Uma proteína associada à morte celular pode ser a chave para retardar o envelhecimento na sua origem. Pesquisadores descobriram que a proteína MLKL, tradicionalmente ligada à necroptose (uma forma de morte celular programada), está secretamente impulsionando o envelhecimento das células-tronco sanguíneas de uma maneira completamente diferente. Em vez de matar as células, ela danifica suas mitocôndrias, diminuindo sua energia e enfraquecendo o sistema imunológico ao longo do tempo. A descoberta, publicada na revista Nature Communications, aponta para novas estratégias para retardar o envelhecimento.
O declínio das células-tronco hematopoiéticas
À medida que as pessoas envelhecem, seus sistemas sanguíneo e imunológico perdem força gradualmente. Uma das principais razões é o declínio das células-tronco hematopoiéticas (HSCs), responsáveis pela produção de todos os tipos de células sanguíneas. Em condições saudáveis, essas células-tronco podem se renovar e criar uma mistura equilibrada de células sanguíneas. No entanto, com o tempo, elas se tornam menos eficientes, gerando menos células novas, favorecendo certos tipos, como células mieloides em detrimento das células linfoides, e são menos capazes de suportar uma forte resposta imune.
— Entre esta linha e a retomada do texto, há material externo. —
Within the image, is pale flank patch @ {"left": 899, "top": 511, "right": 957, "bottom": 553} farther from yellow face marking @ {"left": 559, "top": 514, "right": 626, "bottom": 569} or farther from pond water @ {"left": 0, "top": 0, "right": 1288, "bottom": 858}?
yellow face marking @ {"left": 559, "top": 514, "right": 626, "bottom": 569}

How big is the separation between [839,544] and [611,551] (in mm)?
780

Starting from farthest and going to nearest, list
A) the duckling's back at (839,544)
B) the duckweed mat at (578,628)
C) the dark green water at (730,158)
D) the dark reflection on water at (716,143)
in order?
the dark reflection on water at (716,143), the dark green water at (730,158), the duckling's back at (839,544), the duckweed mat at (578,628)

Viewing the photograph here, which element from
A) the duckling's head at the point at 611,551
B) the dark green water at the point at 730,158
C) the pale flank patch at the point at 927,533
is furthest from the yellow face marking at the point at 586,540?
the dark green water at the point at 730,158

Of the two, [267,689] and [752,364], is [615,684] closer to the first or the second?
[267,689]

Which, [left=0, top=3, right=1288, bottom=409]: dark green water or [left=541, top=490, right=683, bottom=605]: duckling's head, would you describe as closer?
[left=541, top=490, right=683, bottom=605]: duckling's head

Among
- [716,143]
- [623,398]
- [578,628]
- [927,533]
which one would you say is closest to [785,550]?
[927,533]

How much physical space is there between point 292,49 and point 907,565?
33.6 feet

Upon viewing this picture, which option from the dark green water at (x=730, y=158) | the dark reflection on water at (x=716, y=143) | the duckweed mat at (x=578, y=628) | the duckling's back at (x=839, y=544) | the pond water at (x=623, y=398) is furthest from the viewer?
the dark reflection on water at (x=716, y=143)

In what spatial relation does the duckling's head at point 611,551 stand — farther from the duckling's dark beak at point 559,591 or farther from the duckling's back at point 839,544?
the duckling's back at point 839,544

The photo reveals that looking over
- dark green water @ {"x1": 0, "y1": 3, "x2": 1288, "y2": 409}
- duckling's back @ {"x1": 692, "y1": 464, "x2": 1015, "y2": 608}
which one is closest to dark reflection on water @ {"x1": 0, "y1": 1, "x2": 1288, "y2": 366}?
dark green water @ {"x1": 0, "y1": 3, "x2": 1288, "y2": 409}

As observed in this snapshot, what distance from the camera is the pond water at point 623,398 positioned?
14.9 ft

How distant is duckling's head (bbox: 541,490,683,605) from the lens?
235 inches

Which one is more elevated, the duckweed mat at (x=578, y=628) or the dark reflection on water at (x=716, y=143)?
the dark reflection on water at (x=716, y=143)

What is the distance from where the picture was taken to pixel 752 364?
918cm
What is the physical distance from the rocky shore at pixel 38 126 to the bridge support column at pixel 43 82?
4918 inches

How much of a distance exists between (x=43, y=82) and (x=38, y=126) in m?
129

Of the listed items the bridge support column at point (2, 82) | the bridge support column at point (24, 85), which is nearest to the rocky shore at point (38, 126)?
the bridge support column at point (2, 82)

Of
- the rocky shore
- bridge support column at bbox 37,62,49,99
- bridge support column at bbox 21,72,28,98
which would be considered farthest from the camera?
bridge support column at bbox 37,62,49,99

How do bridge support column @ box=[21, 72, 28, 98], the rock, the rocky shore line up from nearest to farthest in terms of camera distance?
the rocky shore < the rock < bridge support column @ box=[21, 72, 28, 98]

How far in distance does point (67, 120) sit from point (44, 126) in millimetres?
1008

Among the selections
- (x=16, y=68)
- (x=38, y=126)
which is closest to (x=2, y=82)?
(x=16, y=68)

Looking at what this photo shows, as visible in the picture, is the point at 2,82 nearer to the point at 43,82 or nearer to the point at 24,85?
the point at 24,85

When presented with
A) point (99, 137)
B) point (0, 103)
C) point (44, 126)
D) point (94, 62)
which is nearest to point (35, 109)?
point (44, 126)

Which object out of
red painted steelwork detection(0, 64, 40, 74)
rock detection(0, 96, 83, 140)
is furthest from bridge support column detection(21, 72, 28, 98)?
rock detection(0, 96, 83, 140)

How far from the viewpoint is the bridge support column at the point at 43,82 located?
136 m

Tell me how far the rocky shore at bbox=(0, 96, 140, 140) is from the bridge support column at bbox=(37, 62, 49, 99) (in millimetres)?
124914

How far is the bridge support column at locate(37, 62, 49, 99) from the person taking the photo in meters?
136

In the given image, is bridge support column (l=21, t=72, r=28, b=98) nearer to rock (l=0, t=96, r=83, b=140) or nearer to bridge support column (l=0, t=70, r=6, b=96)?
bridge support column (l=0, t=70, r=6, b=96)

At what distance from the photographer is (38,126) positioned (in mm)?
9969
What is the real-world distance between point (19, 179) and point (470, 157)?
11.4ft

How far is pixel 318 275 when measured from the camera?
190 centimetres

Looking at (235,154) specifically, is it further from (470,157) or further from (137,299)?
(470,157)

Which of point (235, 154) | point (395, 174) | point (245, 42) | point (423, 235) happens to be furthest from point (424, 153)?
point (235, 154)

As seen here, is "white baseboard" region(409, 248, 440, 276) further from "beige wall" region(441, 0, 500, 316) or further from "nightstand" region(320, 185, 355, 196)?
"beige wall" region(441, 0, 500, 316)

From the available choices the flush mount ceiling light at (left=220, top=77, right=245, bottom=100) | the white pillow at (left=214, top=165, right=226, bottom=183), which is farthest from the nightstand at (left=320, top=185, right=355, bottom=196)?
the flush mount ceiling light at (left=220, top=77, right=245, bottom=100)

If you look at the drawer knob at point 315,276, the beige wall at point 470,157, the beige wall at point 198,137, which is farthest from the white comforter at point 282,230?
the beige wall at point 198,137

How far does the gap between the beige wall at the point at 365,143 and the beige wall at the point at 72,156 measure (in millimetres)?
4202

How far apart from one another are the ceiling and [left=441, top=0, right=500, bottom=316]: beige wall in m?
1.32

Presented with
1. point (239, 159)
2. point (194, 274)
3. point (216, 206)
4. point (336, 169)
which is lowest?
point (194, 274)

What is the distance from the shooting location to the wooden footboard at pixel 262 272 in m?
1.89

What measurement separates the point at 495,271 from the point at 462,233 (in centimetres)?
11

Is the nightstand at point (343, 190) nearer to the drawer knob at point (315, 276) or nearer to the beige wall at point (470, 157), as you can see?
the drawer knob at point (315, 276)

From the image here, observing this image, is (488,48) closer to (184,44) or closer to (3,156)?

Investigação do caminho do envelhecimento
Para entender melhor esse processo, pesquisadores da Universidade de Tóquio, no Japão, e do St. Jude Children’s Research Hospital, nos EUA, exploraram como o estresse relacionado à idade afeta as HSCs. Eles se concentraram no eixo de sinalização da proteína quinase 3 (RIPK3) que interage com o receptor – quinase de linhagem mista (MLKL), que normalmente está associado à necroptose, uma forma de morte celular programada.
Descoberta surpreendente sobre a MLKL
A pesquisa começou com uma observação inesperada. O Dr. Masayuki Yamashita explica: “Descobrimos um fenótipo inesperado em HSCs de camundongos MLKL-knockout repetidamente tratados com 5-fluorouracil, onde as mudanças funcionais associadas ao envelhecimento foram acentuadamente atenuadas, apesar de não haver diferença detectável na morte de HSCs, o que nos levou a investigar se essa via poderia induzir mudanças funcionais além da morte celular.”
Como os cientistas testaram o mecanismo
Para explorar essa possibilidade, os pesquisadores usaram vários tipos de camundongos geneticamente modificados, incluindo modelos selvagens, deficientes em MLKL e deficientes em RIPK3. Eles também usaram camundongos repórteres especializados, projetados para detectar a ativação de MLKL usando um biossensor baseado na transferência de energia de ressonância de Förster.
Danos mitocondriais sem morte celular
Os resultados revelaram um papel até então desconhecido para MLKL no envelhecimento das células-tronco. Embora a MLKL esteja geralmente ligada à morte celular, sua ativação em HSCs não aumentou a morte celular nem reduziu o número de células. Em vez disso, atuou de uma maneira diferente. Quando ativada sob estresse, a MLKL moveu-se brevemente para as mitocôndrias, as estruturas que geram energia dentro das células. Lá, causou danos, diminuindo o potencial da membrana, alterando a estrutura mitocondrial e reduzindo a produção de energia. Esses efeitos levaram a características importantes do envelhecimento em HSCs, incluindo capacidade reduzida de se renovarem, diminuição da produção de células linfoides e uma mudança para a produção de células mieloides.
Bloquear a MLKL preserva a função das células-tronco
Quando a MLKL foi removida ou inativada, muitos desses problemas foram significativamente reduzidos. As HSCs sem MLKL retiveram sua capacidade de se regenerar, produziram células imunológicas mais saudáveis, mostraram menos danos no DNA e mantiveram uma melhor função mitocondrial. Esses benefícios foram observados mesmo em animais mais velhos ou em condições estressantes.
Implicações para o envelhecimento e terapias futuras
As descobertas apontam para uma via comum que conecta vários tipos de estresse celular a danos mitocondriais e envelhecimento de células-tronco. Ao identificar a MLKL como um elo fundamental nesse processo, o estudo oferece uma nova visão sobre como o envelhecimento afeta o sistema sanguíneo.
Nova compreensão do envelhecimento de células-tronco
No geral, o estudo revela que a MLKL desempenha um papel importante no envelhecimento das células-tronco sem causar a morte celular. Em vez disso, responde ao estresse danificando as mitocôndrias e enfraquecendo a função das HSCs ao longo do tempo. Essa descoberta desafia as visões tradicionais das proteínas relacionadas à necroptose e abre novas possibilidades para retardar ou prevenir o declínio relacionado à idade nos sistemas sanguíneo e imunológico.